The Fear of Being You

What about this theory, the fear of not being enough, and the fear of being ‘too much’ are exactly the same fear.  the fear of being you.  @Nayyirah.Waheed

This came up in my Instagram feed today and really hit home with me.  “The fear of being you.”  Why do I fear being me and showing the real me to the world?

I am a performer.  Not a ‘get on a stage and put on a show’ performer.  I am a person who has lived my life with the core belief that  I have to perform or do something to be worthy of love and acceptance.  I have to perform to make myself worthy of other people’s time, attention and affection.

If you are also a performer, you know exactly how torturous this can be.  Just how much anxiety it creates in your life.  You are never sure if you’ve done enough to earn or deserve love and acceptance.  And you know that even if you have, it is temporary and you must continue to perform to keep that love and acceptance.  If you do start to feel some pride in your accomplishments you then worry about being ‘too much’.  Are you being obnoxious and arrogant?  Have you now lost the love and acceptance you’ve worked so hard to earn because you have made too big of a deal about your performance?

I’ve recently just finished the first phase of an ongoing project at work.  The group I’m working with has gone live with this phase despite many roadblocks and lack of clear requirements.  I am extremely proud of and thankful for all the hard work of this team to get to where we are right now.

Yet personally there is a part of me dwelling on all the things still unfinished – all the things that are still unanswered.  I’ve spent time agonizing over whether I did enough.  If there were other things I could have done, could have pursued.  Rather than focus on and being proud of what I’ve done as part of this team, I’m focused on what I’ve not resolved yet.  When my manager says how happy she is and proud of what we’ve accomplished, all I can do is sit there and wonder when she is going to see through to the fraud I really am and see all the areas where I’ve failed (at least in my mind).

When did I buy into this lie that my worth is tied to what I do?  I have three children I love unconditionally, regardless of what they do or don’t do.  But I am unable to love myself in this way or believe others could love me for who I am – not just for what I do.  I’ve spent my whole life trying to be ‘good enough’ and always believing I was falling short of the mark.  Never seeing the truth – That I AM good enough without doing anything!  And acknowledging that without shame or guilt.

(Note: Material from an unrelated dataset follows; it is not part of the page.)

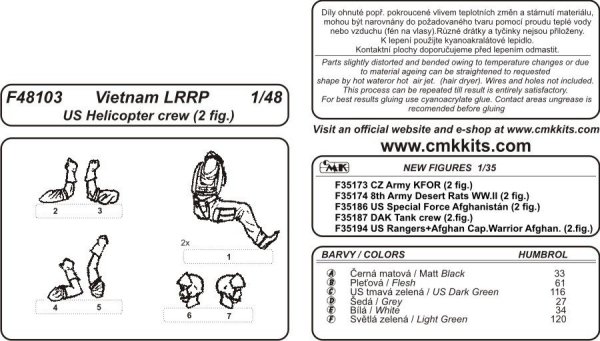 CMK F48103 Vietnam LRRP US Helicopter crew (2 figures) 1/48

NEWS FLASH!!! I can be loved and accepted for who I AM – not for my performance!  And so can you!  We deserve it!!

I’m learning I am my own worst enemy – my own worst critic.  I have a bully that lives in my head and I’ve given her way WAY too much control!  I am way too hard on myself and I need to show myself more compassion.

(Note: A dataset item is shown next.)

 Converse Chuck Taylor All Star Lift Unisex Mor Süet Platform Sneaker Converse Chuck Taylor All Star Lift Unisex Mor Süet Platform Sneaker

I am also realizing that while I’ve made some positive strides in this area in the past year, I still have a long way to go.  And sometimes (okay, a lot of time!) I focus more on the things I have not done yet rather than being proud of what I’ve accomplished so far.  In these moments, I’m being hard on myself for being hard on myself!  And that makes me laugh – this cycle is just so crazy!  But it is a process and probably something I will be working on for the rest of my life.  Eventually it will get easier and come more naturally – but it will always be something I need to be conscious of and strive towards.  This is going to be a daily choice to show myself compassion and to accept myself.  It may even be an hour by hour or minute by minute choice.  But in the end that is okay.  Because I AM worthy of acceptance and love and I am not ‘too much’ either.  More than anything I deserve compassion and acceptance and love from MYSELF!  Because if I can’t do that for me – how can I do it for anyone else?

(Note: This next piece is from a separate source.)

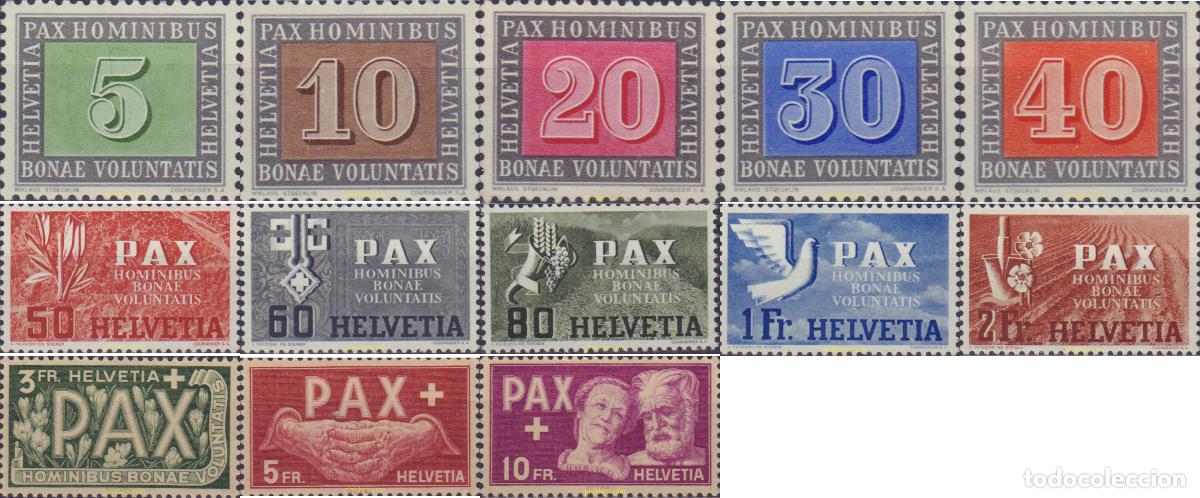 Sellos: 93700 MNH SUIZA 1945 SERIE DE LA PAZ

So from this day, hour and minute forward – I say “F this fear!”  I will be proud of ME and I will do so with no fear or guilt.  I will stand with my head held high and will accept ME exactly as I am – imperfections and all because those are the things that make me uniquely me.   Those are the things that make me so darn lovable!

I accept me, right here and right now.  Just as I am.  Imperfect, Beautiful and Glorious ME!!!!